**How to complete this task:** I'd like an exact copy of only the lines from the start of the listing below through the line that holds "mulher sentada na". Please keep the pictures out.

**Working data:**
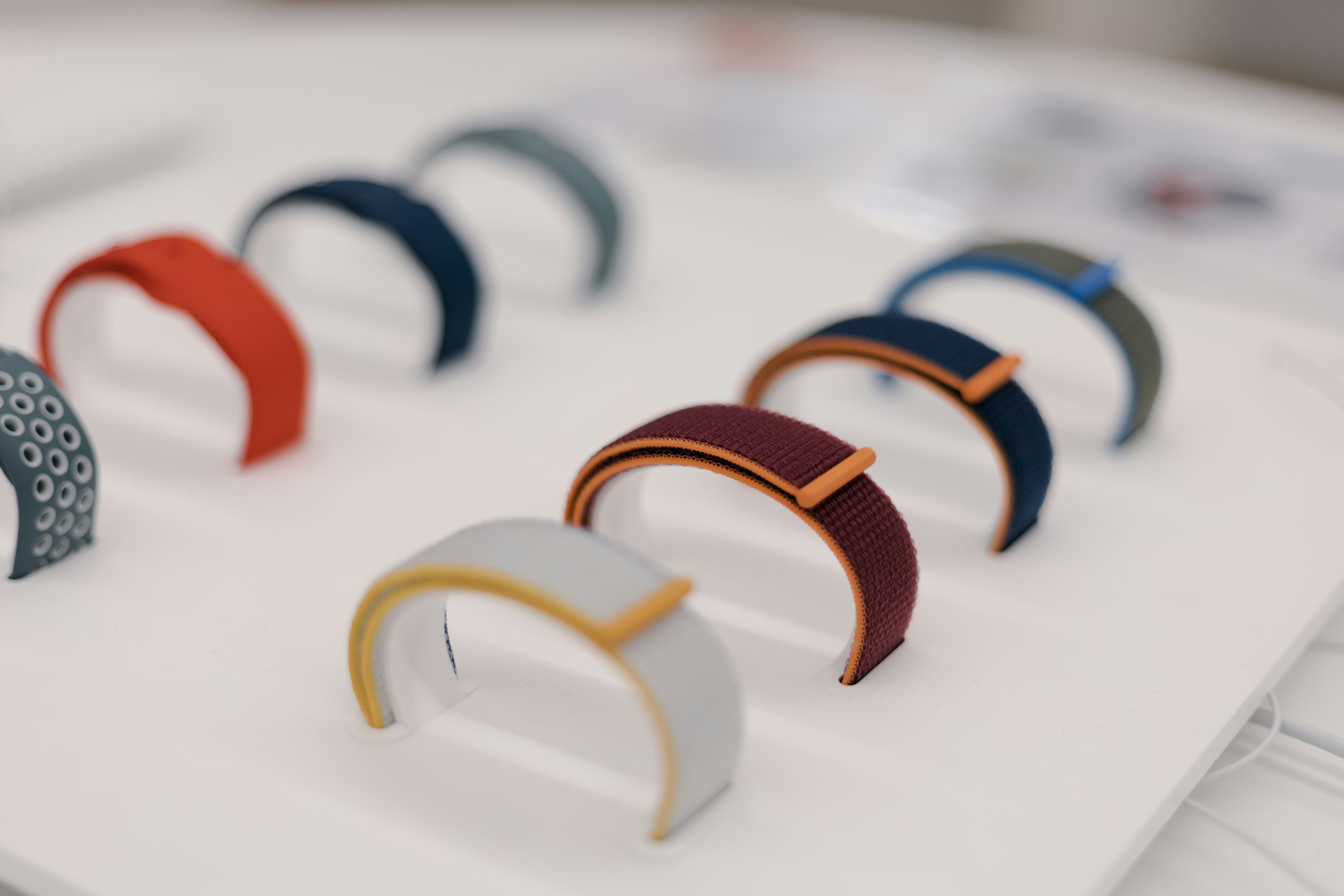 A collection of colored smart watch bands arranged on a table — wearable technology options for longevity monitoring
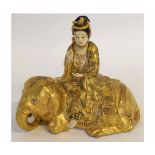 Satsuma model of a lady seated astride a kneeling elephant, signature to base, 20cms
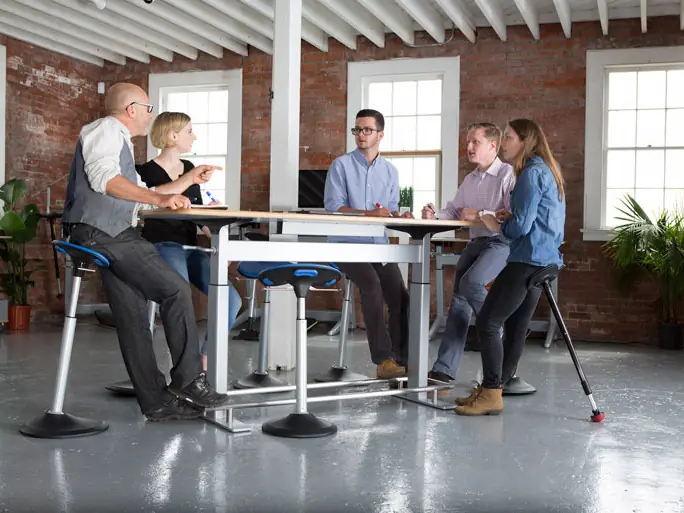 Team meeting at a standing-height table with active stools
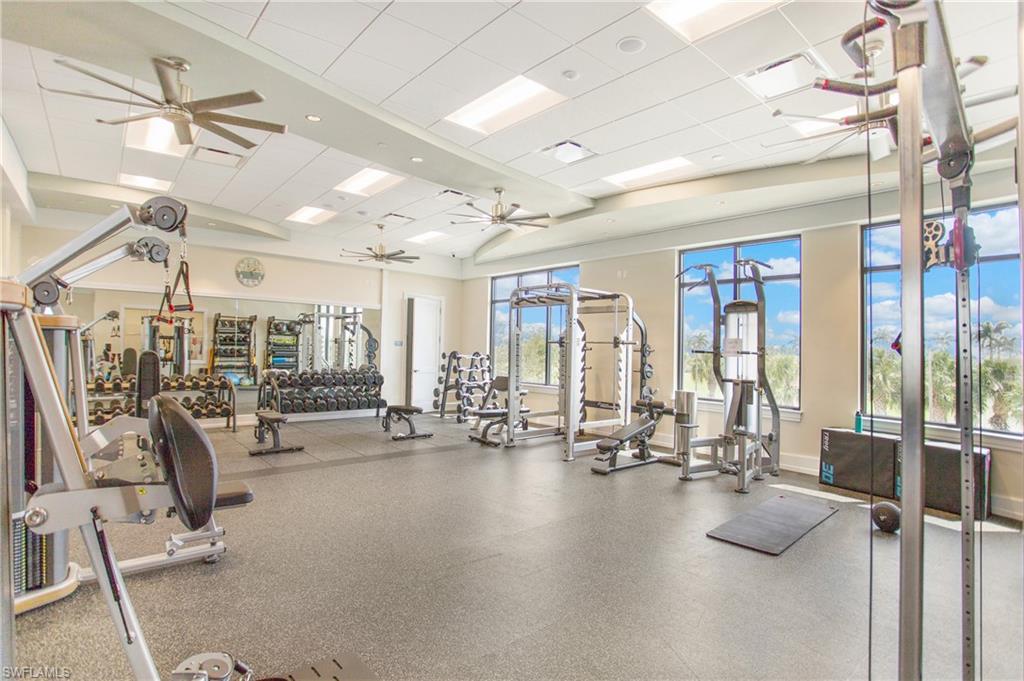 9807 Nickel Ridge Circle Naples, FL 34120 - Photo 50 of 50 a view of a room with gym equipment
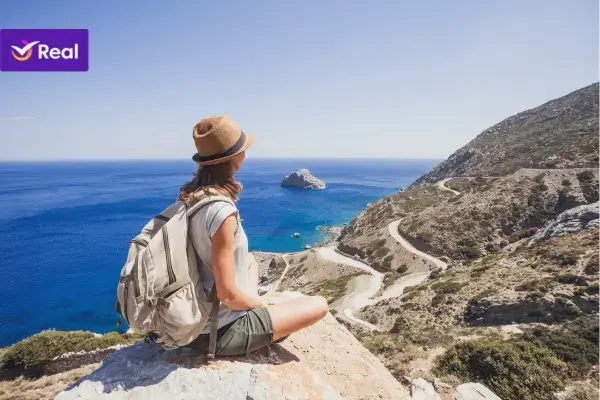 mulher sentada na beirada de uma montanha observando o mar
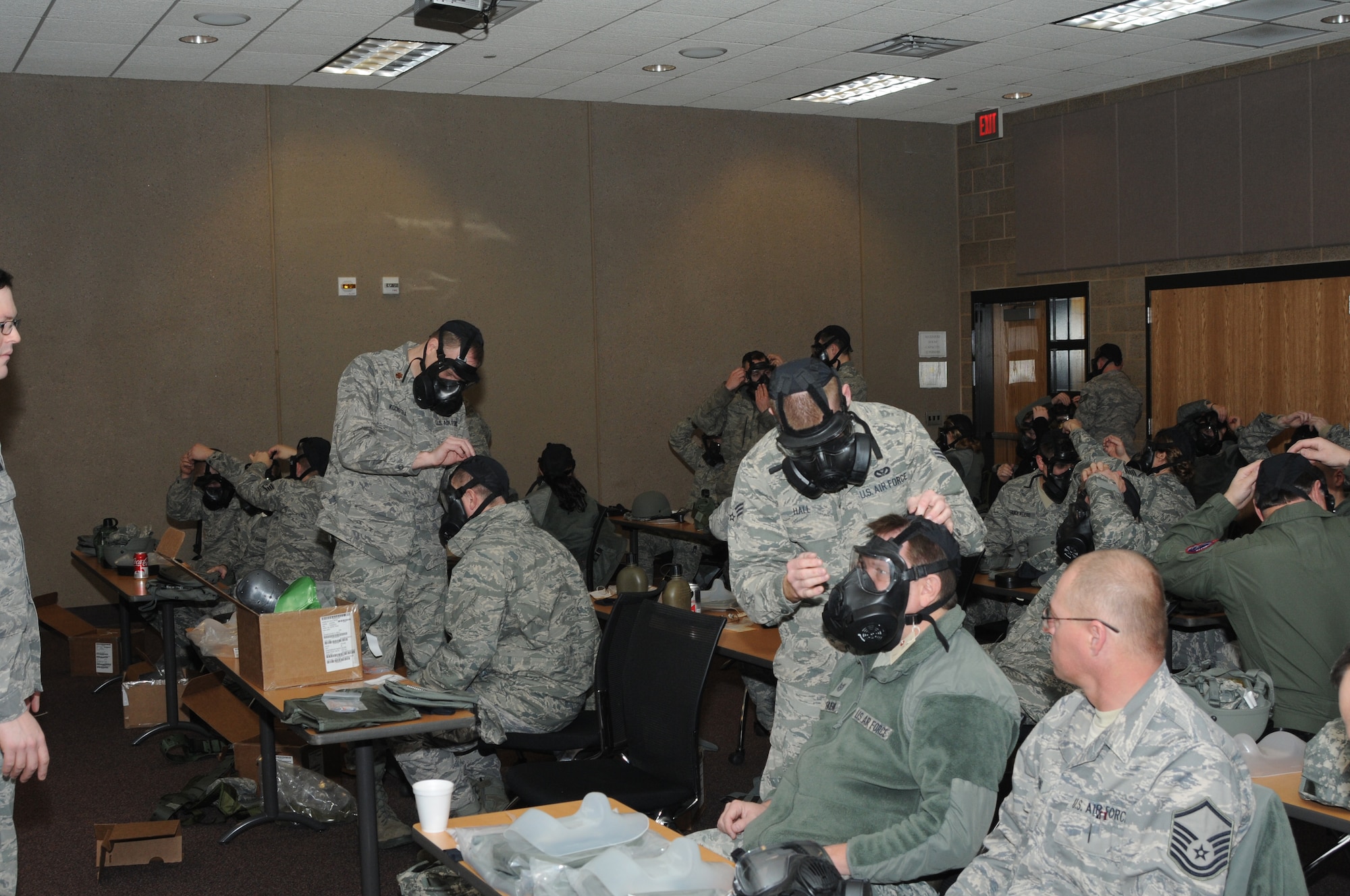 SIOUX FALLS, S.D. -- Members of the South Dakota Air National Guard helped wingmen adjust their new gas masks to attain a proper seal during training for their new M-50 Joint Services General Purpose Gas Mask January 6th 2013.(National Guard photo by Master Sgt. Christopher Stewart)(Released)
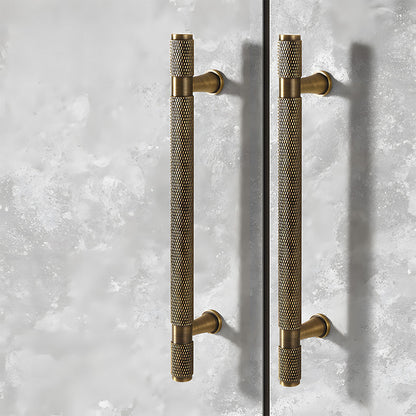 Antique bronze knurled brass T-bar cabinet pull, displayed from the side in an installed cabinet close-up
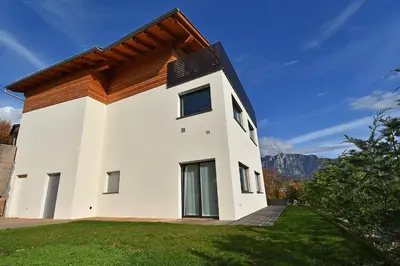 a white house with a roof on a green yard at Casa Alpina in Cavalese
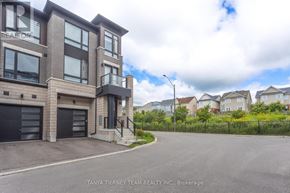 Whitby (Brooklin) townhouse for rent - A modern two-story building with a garage is surrounded by a fence and other houses.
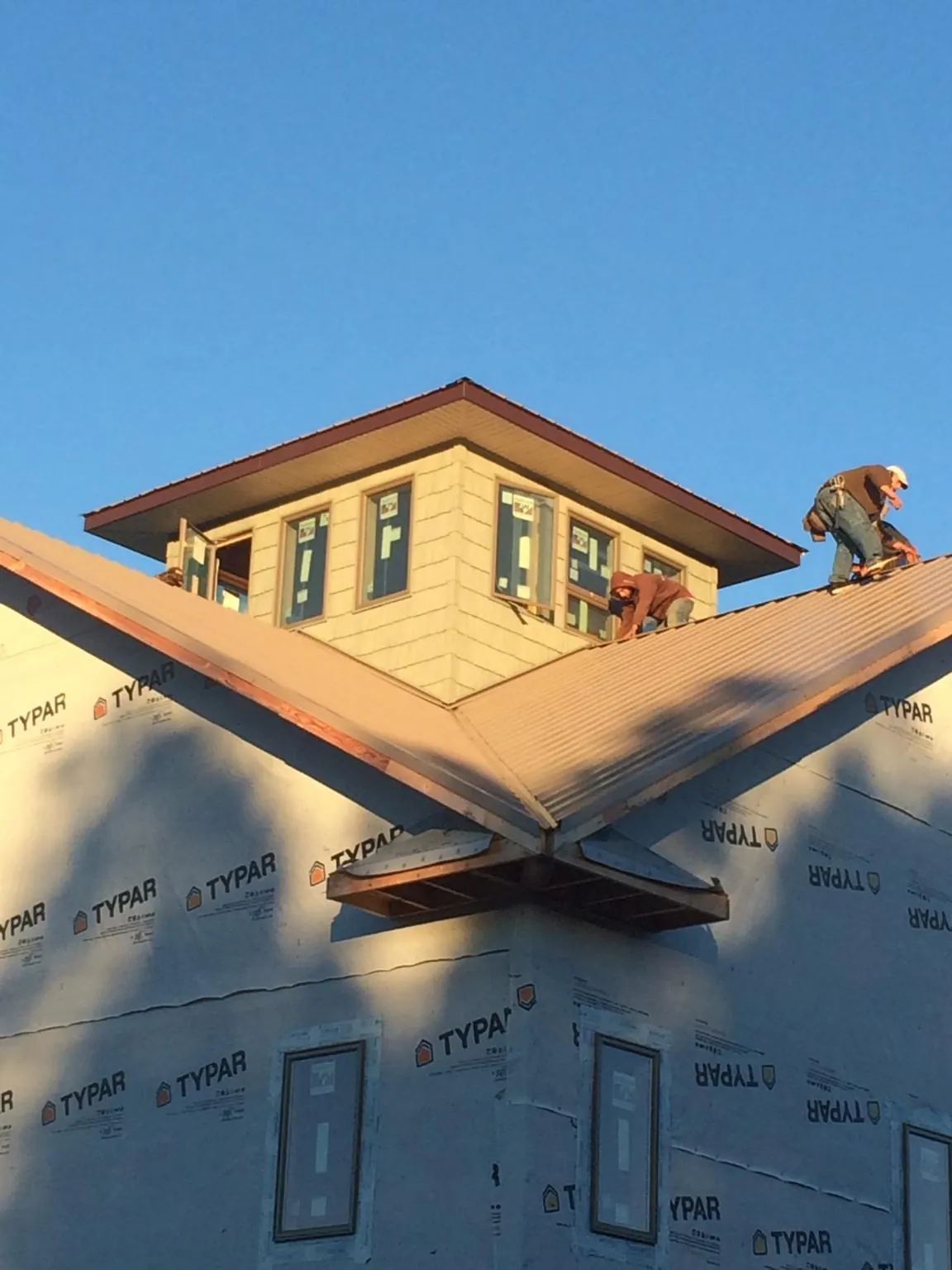 Roofers working around a rooftop cupola on a new metal roof at sunset — Roof Waterproofing in Chadbourn by Roofing Brothers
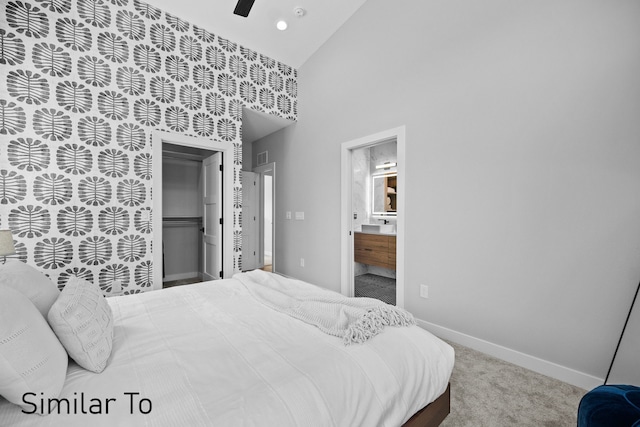 4828 Ingersoll Ave, Des Moines, IA 50312 - bedroom featuring carpet, baseboards, high vaulted ceiling, ensuite bath, and a closet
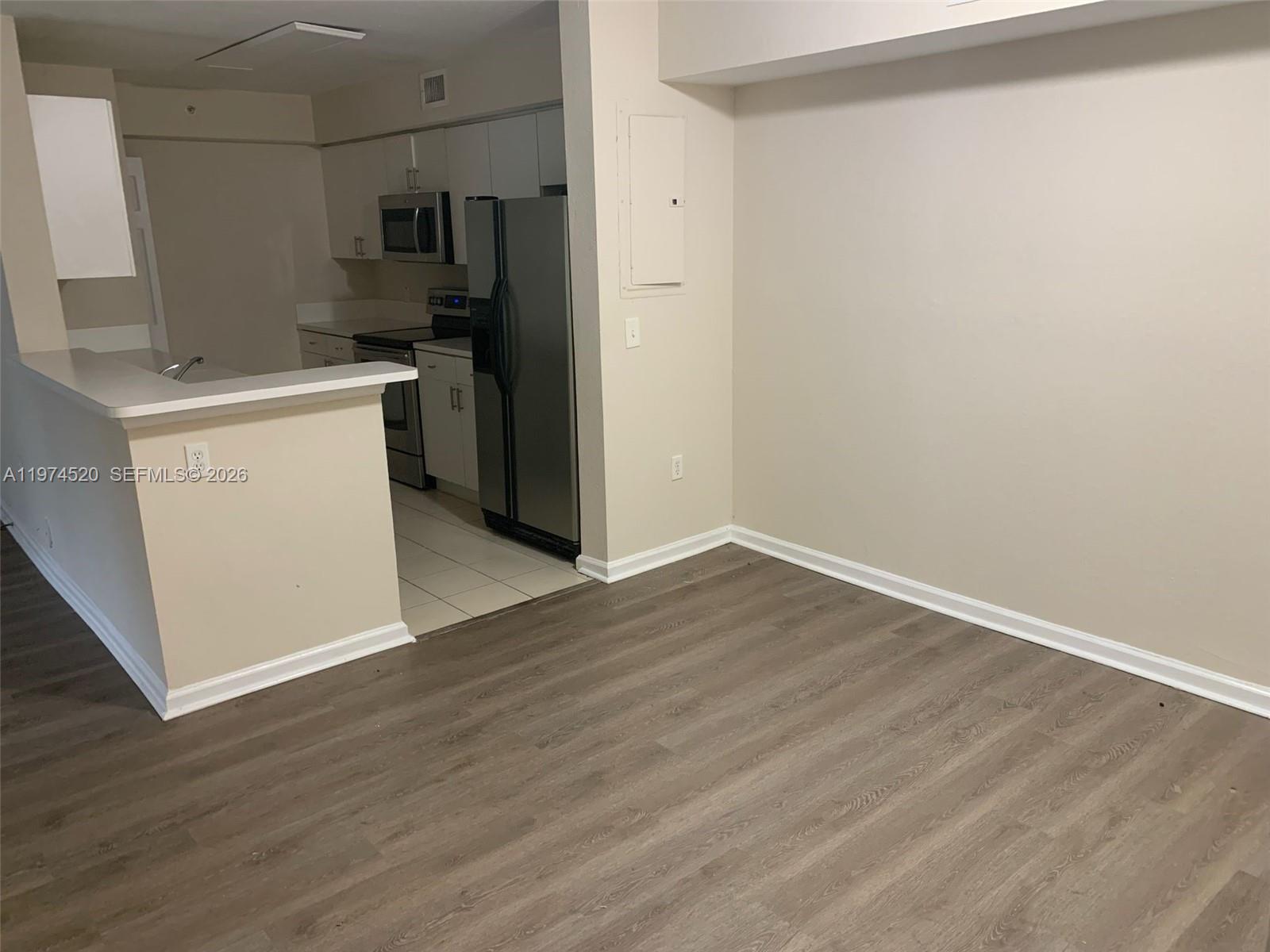 15440 Southwest 284th Street, Unit 5102 Homestead, FL 33033 - Photo 27 of 27 a view of a kitchen with wooden floor and a sink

**Reply:**
 A collection of colored smart watch bands arranged on a table — wearable technology options for longevity monitoring
 Satsuma model of a lady seated astride a kneeling elephant, signature to base, 20cms
 Team meeting at a standing-height table with active stools
 9807 Nickel Ridge Circle Naples, FL 34120 - Photo 50 of 50 a view of a room with gym equipment
 mulher sentada na beirada de uma montanha observando o mar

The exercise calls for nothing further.